**WHAT YOU SHOULD DO**
Should an entry contain an image, omit it and repeat the rest exactly.

[Collected data]
========================================================================

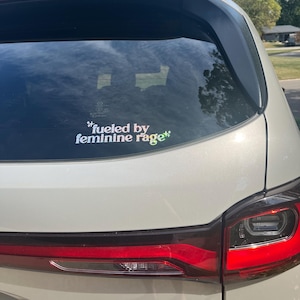 K&ouml;nnte beinhalten: Die Heckscheibe eines wei&szlig;en Autos zeigt einen Aufkleber mit dem Text "fueled by feminine rage" in einer farbenfrohen, stilisierten Schrift. Die R&uuml;cklichter des Autos sind rot, und der Himmel ist durch die Scheibe sichtbar.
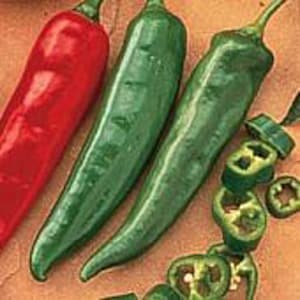 May include: Three whole chili peppers, one red and two green, with sliced green chili peppers in the background.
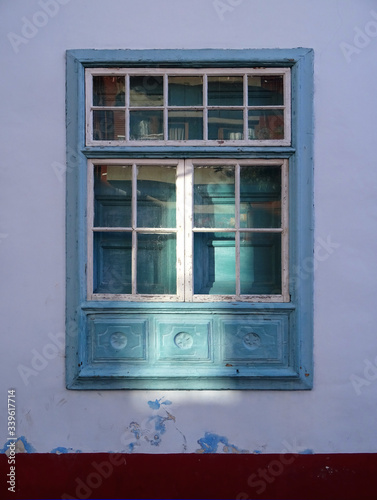 Traditional guillotine window in historic colonial house. Old city center of Santa Cruz. La Palma Island. Canary Islands. Spain. 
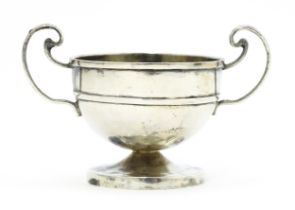 A Chinese export silver twin handled trophy cup of squat form marked under WH 90 for Wang Hing & Co.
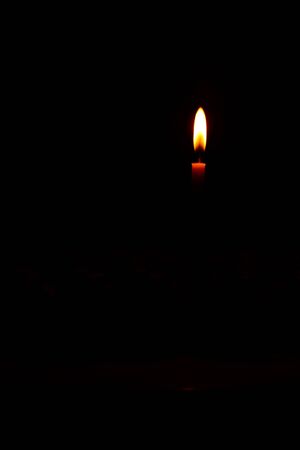 Light of candles on back background.の写真素材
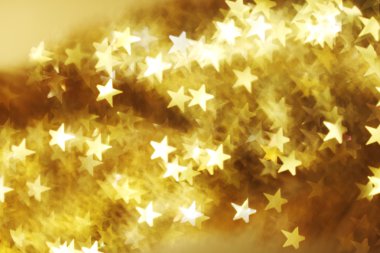 Golden star bokeh background clipart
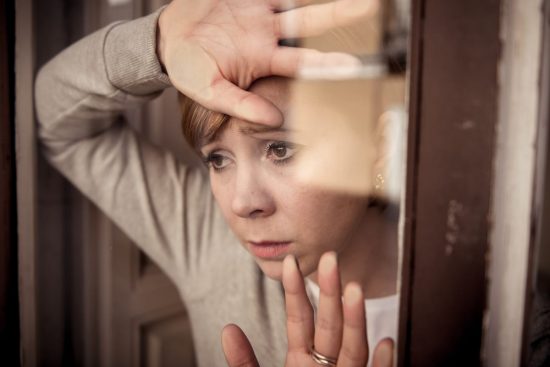Mujer mirando con preocupación a través de una ventana, reflejando tristeza y necesidad de apoyo emocional.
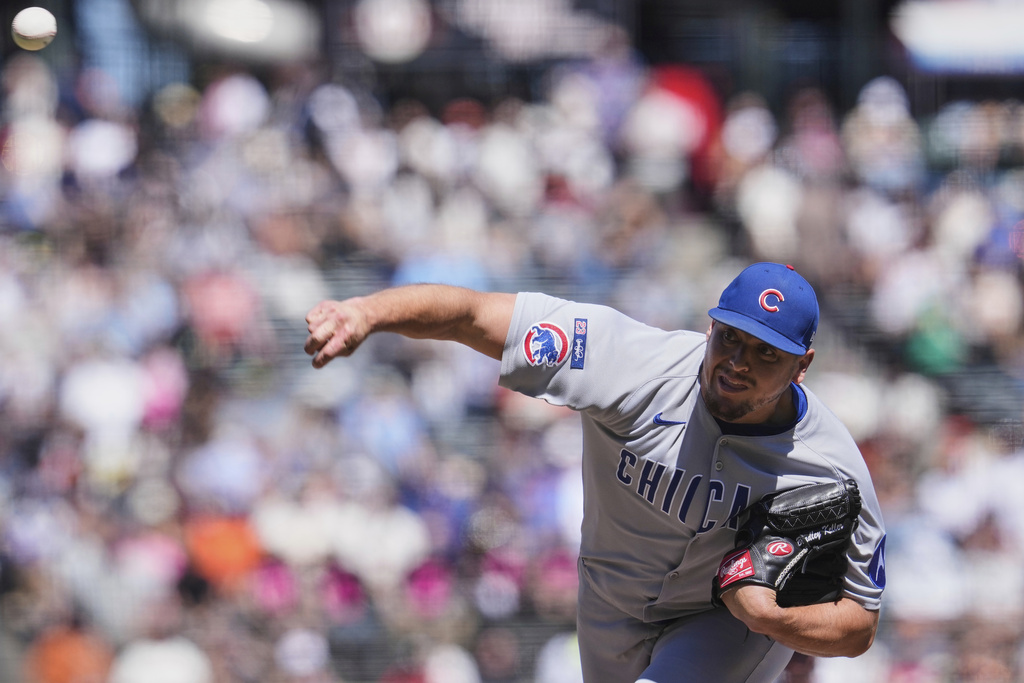 Chicago Cubs pitcher Brad Keller throws to a San Francisco Giants batter during the eighth inning of a baseball game, Thursday, Aug. 28, 2025, in San Francisco. (AP Photo/Godofredo A. Vásquez)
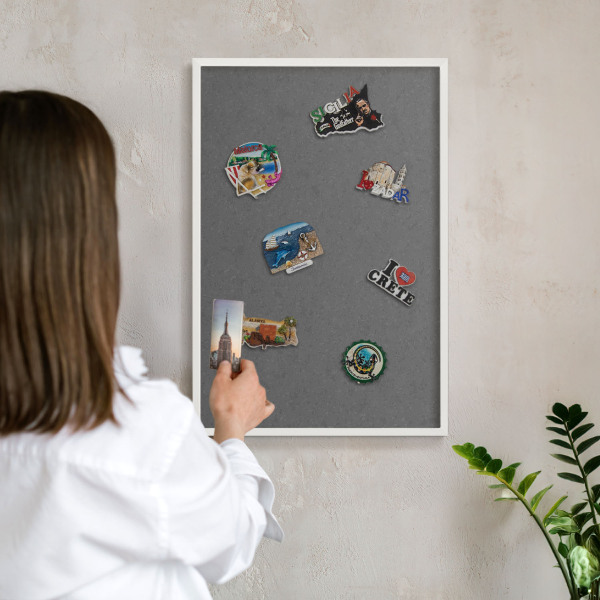 Magnetic board for travel magnets in a white frame Gray texture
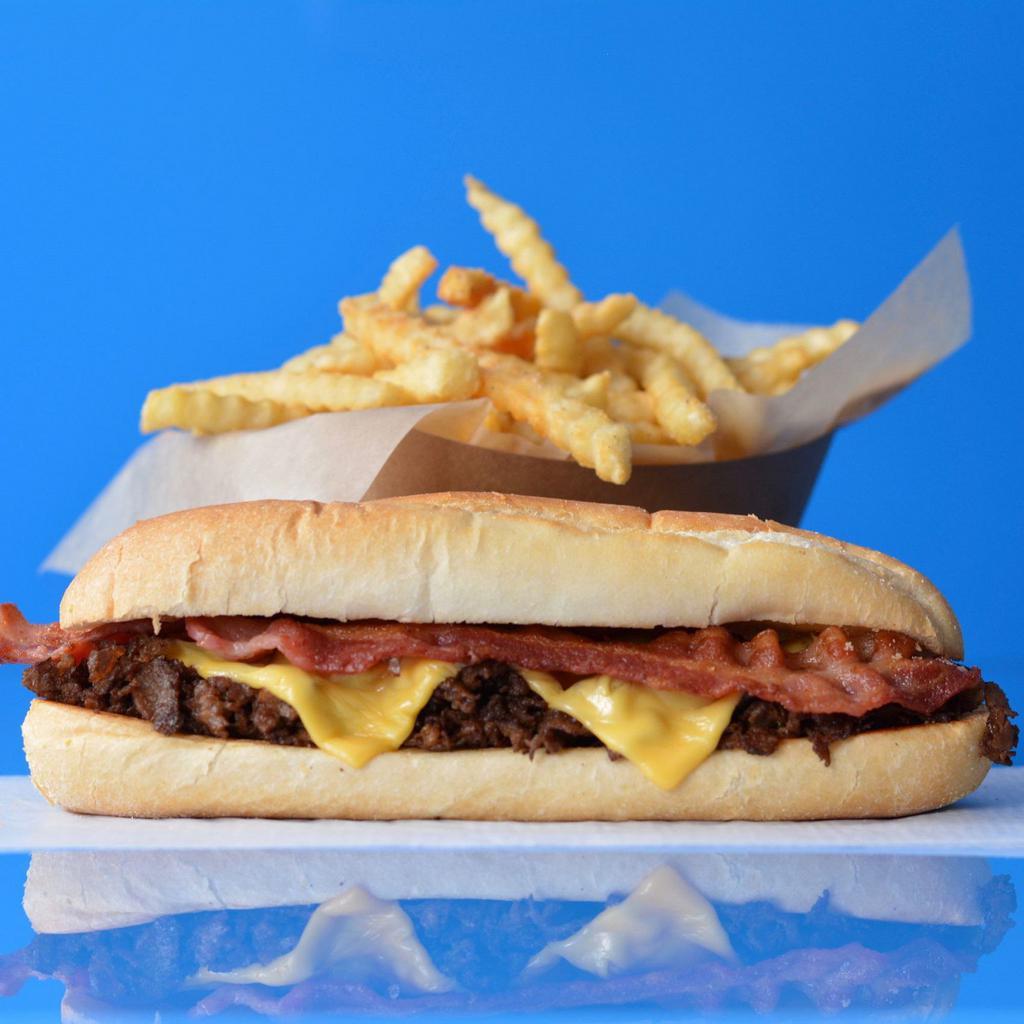 Bacon Cheesesteak Combo · Classic Philly Cheesesteak loaded with steak and your choice of cheese and smoked bacon on a toasted Amoroso roll. Served with side of fries.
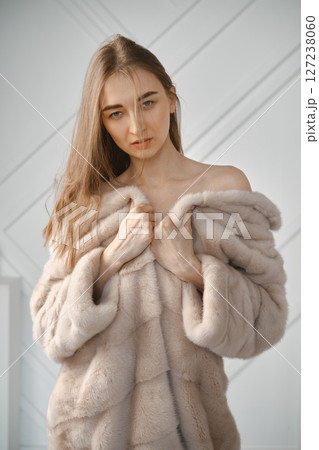 Model poses elegantly in soft fur coat inside modern indoor setting during daylight 127238060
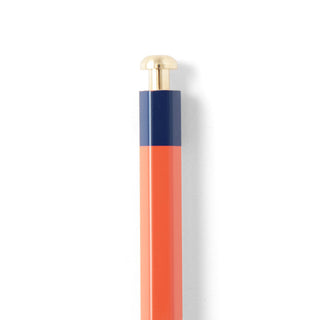 Pencil with orange body showing gold tip on a white background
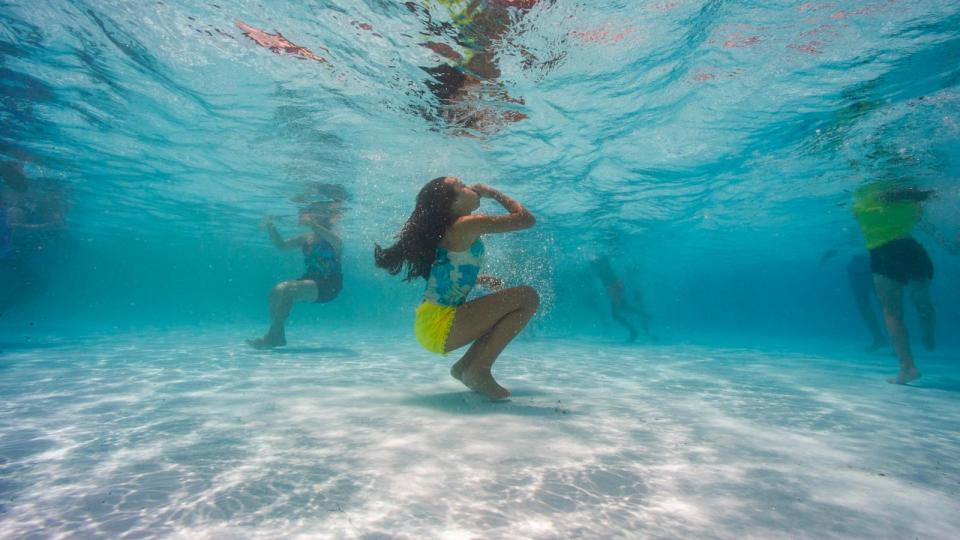 PHOTO: A child ducks underwater to cool off at the Vietnam Veterans Memorial Pool in Chelsea, MA, June 24, 2024.  (Joseph Prezioso/AFP via Getty Images)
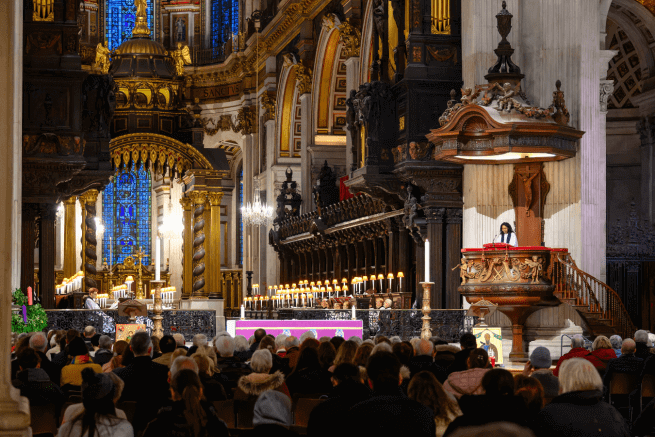 a photo of the Quire at St Paul's Cathedral with a full congregation seated during a service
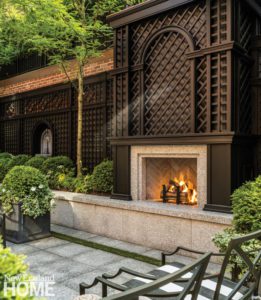 Outdoor fireplace surrounded by brown lattice
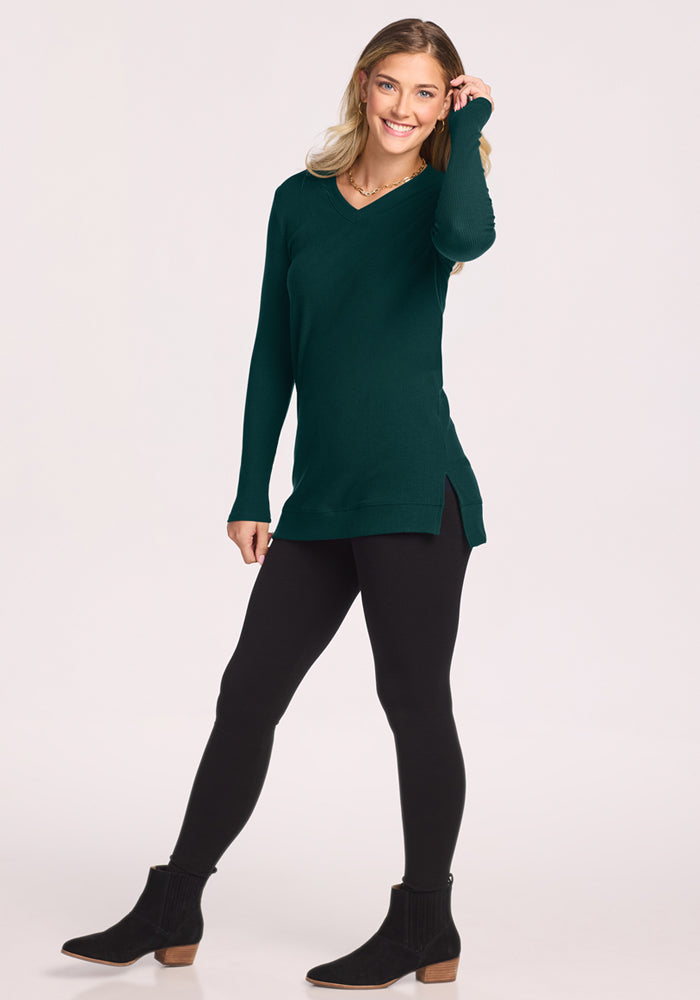 Woman in the Woolx Evie Ribbed Tunic - Deep Pine, black leggings, and boots smiles with one hand in her hair.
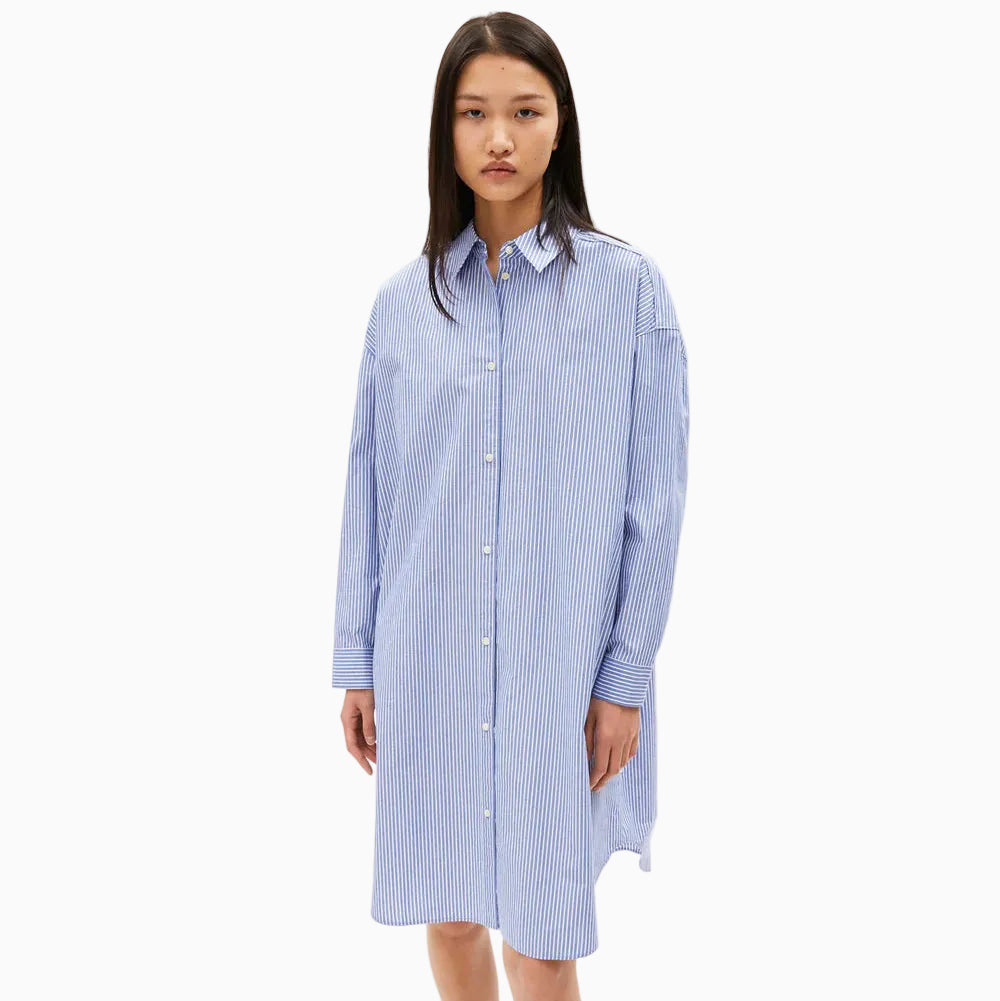 Eine Frau steht mit dem Gesicht nach vorne und trägt ein locker sitzendes, blau-weiß vertikal gestreiftes Hemdkleid mit langen Ärmeln. Der Hintergrund ist einfarbig weiß.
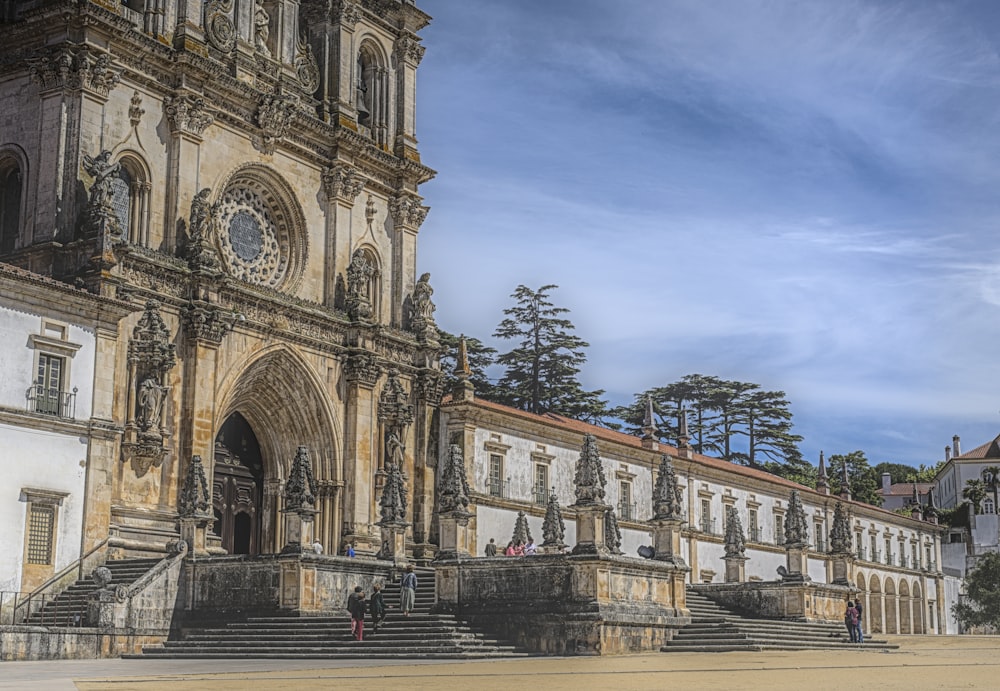 a building with stairs and statues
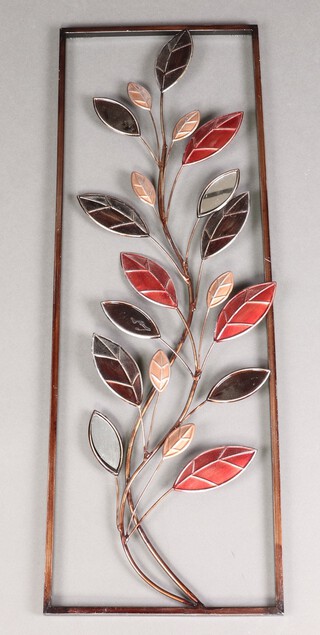 A pressed metal wall sculpture in the form of reeds 90cm h x 31cm w 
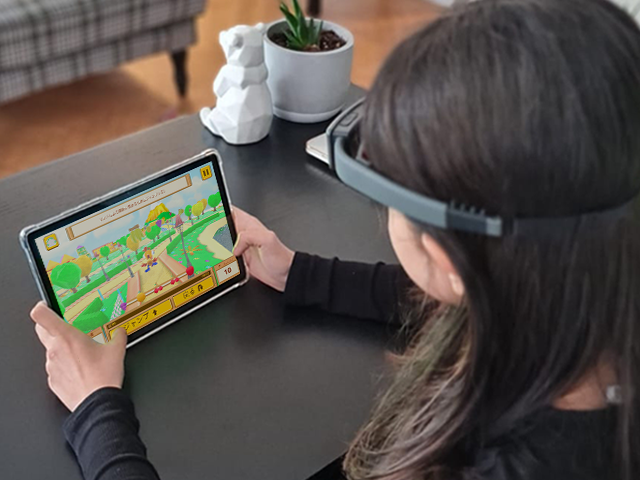 child wearing Neeuro SenzeBand EEG headband while playing cogo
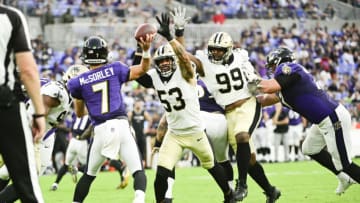 Aug 14, 2021; Baltimore, Maryland, USA; New Orleans Saints linebacker Zack Baun (53) and defensive tackle Shy Tuttle (99) rush Baltimore Ravens quarterback Trace McSorley (7) during the first quarter at M&T Bank Stadium. Mandatory Credit: Tommy Gilligan-USA TODAY Sports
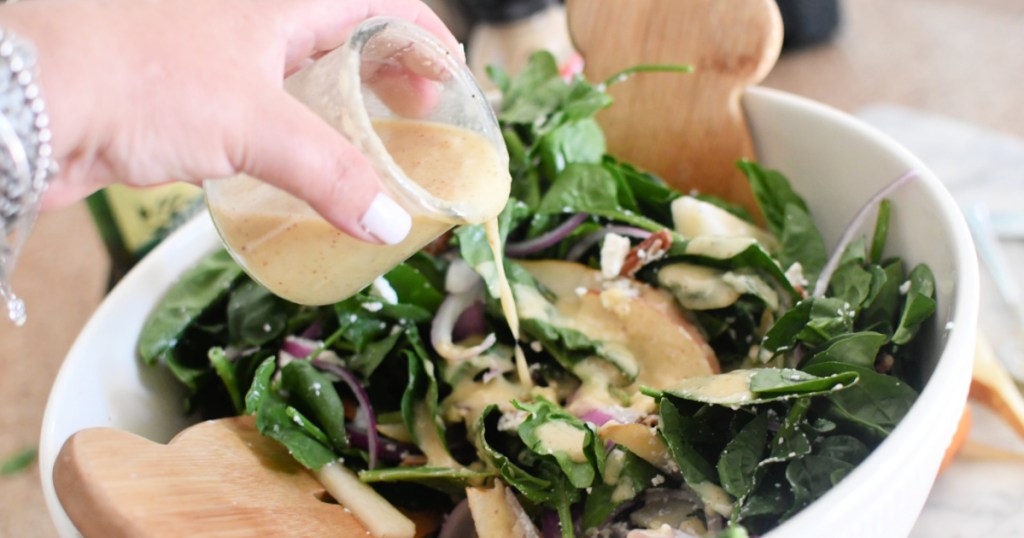 adding pear salad dressing to salad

========================================================================

**YOUR SOLUTION**
 K&ouml;nnte beinhalten: Die Heckscheibe eines wei&szlig;en Autos zeigt einen Aufkleber mit dem Text "fueled by feminine rage" in einer farbenfrohen, stilisierten Schrift. Die R&uuml;cklichter des Autos sind rot, und der Himmel ist durch die Scheibe sichtbar.
 May include: Three whole chili peppers, one red and two green, with sliced green chili peppers in the background.
 Traditional guillotine window in historic colonial house. Old city center of Santa Cruz. La Palma Island. Canary Islands. Spain. 
 A Chinese export silver twin handled trophy cup of squat form marked under WH 90 for Wang Hing & Co.
 Light of candles on back background.の写真素材
 Golden star bokeh background clipart
Mujer mirando con preocupación a través de una ventana, reflejando tristeza y necesidad de apoyo emocional.
 Chicago Cubs pitcher Brad Keller throws to a San Francisco Giants batter during the eighth inning of a baseball game, Thursday, Aug. 28, 2025, in San Francisco. (AP Photo/Godofredo A. Vásquez)
 Magnetic board for travel magnets in a white frame Gray texture
 Bacon Cheesesteak Combo · Classic Philly Cheesesteak loaded with steak and your choice of cheese and smoked bacon on a toasted Amoroso roll. Served with side of fries.
 Model poses elegantly in soft fur coat inside modern indoor setting during daylight 127238060
 Pencil with orange body showing gold tip on a white background
 PHOTO: A child ducks underwater to cool off at the Vietnam Veterans Memorial Pool in Chelsea, MA, June 24, 2024.  (Joseph Prezioso/AFP via Getty Images)
 a photo of the Quire at St Paul's Cathedral with a full congregation seated during a service
 Outdoor fireplace surrounded by brown lattice
 Woman in the Woolx Evie Ribbed Tunic - Deep Pine, black leggings, and boots smiles with one hand in her hair.
 Eine Frau steht mit dem Gesicht nach vorne und trägt ein locker sitzendes, blau-weiß vertikal gestreiftes Hemdkleid mit langen Ärmeln. Der Hintergrund ist einfarbig weiß.
 a building with stairs and statues
 A pressed metal wall sculpture in the form of reeds 90cm h x 31cm w 
 child wearing Neeuro SenzeBand EEG headband while playing cogo
 Aug 14, 2021; Baltimore, Maryland, USA; New Orleans Saints linebacker Zack Baun (53) and defensive tackle Shy Tuttle (99) rush Baltimore Ravens quarterback Trace McSorley (7) during the first quarter at M&T Bank Stadium. Mandatory Credit: Tommy Gilligan-USA TODAY Sports
 adding pear salad dressing to salad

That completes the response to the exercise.